*PROBLEM DETAILS*: Look through the data below for the line with "Girls' Clarks City", and transcribe it exactly together with each line after it up to and including the line with "Texas Instruments TI-30XS". Give nothing else.

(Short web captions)

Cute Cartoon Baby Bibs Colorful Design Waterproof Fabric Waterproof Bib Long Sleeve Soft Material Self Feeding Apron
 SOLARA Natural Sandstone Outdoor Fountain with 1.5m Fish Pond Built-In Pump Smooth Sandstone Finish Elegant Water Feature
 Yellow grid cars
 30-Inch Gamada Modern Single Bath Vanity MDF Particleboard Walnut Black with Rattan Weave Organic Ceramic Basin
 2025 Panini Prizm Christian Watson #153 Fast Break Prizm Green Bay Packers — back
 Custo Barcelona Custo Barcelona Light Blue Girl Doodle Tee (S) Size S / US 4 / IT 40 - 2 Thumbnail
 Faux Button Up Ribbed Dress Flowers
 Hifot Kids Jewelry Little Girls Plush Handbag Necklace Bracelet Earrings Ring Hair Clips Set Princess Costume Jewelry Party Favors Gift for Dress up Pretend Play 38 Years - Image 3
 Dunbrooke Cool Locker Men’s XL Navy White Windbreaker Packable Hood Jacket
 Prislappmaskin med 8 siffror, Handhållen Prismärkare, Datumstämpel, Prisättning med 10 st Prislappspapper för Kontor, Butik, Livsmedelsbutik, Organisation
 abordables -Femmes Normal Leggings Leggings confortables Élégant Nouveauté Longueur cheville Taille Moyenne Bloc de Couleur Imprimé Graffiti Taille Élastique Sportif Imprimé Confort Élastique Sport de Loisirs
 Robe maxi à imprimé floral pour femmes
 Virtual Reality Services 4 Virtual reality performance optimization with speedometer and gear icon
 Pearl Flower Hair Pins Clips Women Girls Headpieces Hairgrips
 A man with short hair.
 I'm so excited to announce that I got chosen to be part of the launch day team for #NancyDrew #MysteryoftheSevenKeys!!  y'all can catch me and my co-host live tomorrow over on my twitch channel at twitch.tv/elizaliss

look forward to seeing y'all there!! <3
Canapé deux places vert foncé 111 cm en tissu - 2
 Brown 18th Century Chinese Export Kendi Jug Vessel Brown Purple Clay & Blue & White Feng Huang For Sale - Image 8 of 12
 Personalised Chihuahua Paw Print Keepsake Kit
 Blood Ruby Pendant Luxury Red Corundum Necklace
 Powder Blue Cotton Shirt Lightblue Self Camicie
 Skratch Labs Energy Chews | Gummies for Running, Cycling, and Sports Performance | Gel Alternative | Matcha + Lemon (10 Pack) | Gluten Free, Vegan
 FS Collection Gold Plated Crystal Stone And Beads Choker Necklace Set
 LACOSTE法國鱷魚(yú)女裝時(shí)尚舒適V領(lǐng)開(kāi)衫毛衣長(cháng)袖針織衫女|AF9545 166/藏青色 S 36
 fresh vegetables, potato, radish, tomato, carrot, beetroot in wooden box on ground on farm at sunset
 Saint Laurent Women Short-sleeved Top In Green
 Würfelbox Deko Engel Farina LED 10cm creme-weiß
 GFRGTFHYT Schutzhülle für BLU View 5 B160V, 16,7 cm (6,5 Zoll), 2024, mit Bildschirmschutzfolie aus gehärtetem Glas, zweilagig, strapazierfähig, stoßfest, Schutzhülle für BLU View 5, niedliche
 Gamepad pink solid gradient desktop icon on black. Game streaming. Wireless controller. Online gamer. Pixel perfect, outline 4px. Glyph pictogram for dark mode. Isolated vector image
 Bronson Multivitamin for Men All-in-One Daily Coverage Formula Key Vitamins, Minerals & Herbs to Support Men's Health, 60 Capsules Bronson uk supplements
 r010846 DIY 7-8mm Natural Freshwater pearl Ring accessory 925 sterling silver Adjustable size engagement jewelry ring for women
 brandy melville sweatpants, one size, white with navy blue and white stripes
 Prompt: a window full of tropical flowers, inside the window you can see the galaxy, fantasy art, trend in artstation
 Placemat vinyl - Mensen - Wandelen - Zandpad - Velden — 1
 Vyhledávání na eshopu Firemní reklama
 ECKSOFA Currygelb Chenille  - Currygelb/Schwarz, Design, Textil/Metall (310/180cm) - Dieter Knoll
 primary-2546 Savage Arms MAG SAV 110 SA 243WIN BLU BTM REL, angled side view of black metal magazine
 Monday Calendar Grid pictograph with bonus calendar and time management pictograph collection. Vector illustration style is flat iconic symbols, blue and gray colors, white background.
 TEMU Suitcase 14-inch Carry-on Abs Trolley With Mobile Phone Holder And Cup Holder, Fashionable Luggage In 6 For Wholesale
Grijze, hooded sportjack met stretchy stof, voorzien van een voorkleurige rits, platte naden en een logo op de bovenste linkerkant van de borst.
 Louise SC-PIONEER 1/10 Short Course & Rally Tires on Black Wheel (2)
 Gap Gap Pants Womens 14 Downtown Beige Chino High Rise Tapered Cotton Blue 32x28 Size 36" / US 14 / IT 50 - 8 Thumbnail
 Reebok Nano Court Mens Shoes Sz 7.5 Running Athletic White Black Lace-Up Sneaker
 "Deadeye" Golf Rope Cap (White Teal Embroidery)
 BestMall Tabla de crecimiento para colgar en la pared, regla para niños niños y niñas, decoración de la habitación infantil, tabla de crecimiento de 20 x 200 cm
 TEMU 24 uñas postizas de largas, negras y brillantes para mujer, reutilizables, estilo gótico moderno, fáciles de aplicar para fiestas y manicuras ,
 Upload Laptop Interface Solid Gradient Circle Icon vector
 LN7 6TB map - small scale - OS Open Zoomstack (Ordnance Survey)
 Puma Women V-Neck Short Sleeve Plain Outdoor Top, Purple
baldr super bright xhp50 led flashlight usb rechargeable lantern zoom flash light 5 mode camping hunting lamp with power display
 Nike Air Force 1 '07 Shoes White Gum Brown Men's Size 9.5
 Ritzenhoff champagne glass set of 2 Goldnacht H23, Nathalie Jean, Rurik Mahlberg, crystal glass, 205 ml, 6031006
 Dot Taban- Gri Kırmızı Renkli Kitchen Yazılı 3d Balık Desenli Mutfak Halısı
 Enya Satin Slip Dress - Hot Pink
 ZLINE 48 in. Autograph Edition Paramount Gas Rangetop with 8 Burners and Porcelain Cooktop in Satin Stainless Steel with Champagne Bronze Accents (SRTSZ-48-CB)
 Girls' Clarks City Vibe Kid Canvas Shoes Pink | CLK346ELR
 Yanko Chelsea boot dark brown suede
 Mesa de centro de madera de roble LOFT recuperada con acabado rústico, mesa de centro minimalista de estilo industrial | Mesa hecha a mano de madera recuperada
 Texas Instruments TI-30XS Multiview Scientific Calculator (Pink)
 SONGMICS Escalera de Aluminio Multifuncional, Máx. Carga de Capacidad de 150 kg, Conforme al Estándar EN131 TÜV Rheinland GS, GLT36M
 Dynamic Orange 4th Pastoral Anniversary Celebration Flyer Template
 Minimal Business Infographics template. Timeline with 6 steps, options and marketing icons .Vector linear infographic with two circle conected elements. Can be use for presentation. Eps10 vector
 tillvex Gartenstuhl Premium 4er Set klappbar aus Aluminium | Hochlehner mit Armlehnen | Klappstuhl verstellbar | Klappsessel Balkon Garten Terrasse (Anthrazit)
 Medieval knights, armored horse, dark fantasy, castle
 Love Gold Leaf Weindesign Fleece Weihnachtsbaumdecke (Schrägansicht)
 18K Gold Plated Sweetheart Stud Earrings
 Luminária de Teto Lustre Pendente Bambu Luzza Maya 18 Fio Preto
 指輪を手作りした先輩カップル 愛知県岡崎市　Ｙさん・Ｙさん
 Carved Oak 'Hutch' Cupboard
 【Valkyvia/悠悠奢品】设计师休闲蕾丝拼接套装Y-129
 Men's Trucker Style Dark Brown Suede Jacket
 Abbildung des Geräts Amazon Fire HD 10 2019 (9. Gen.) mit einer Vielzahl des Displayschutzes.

*ANSWER SECTION*:
 Girls' Clarks City Vibe Kid Canvas Shoes Pink | CLK346ELR
 Yanko Chelsea boot dark brown suede
 Mesa de centro de madera de roble LOFT recuperada con acabado rústico, mesa de centro minimalista de estilo industrial | Mesa hecha a mano de madera recuperada
 Texas Instruments TI-30XS Multiview Scientific Calculator (Pink)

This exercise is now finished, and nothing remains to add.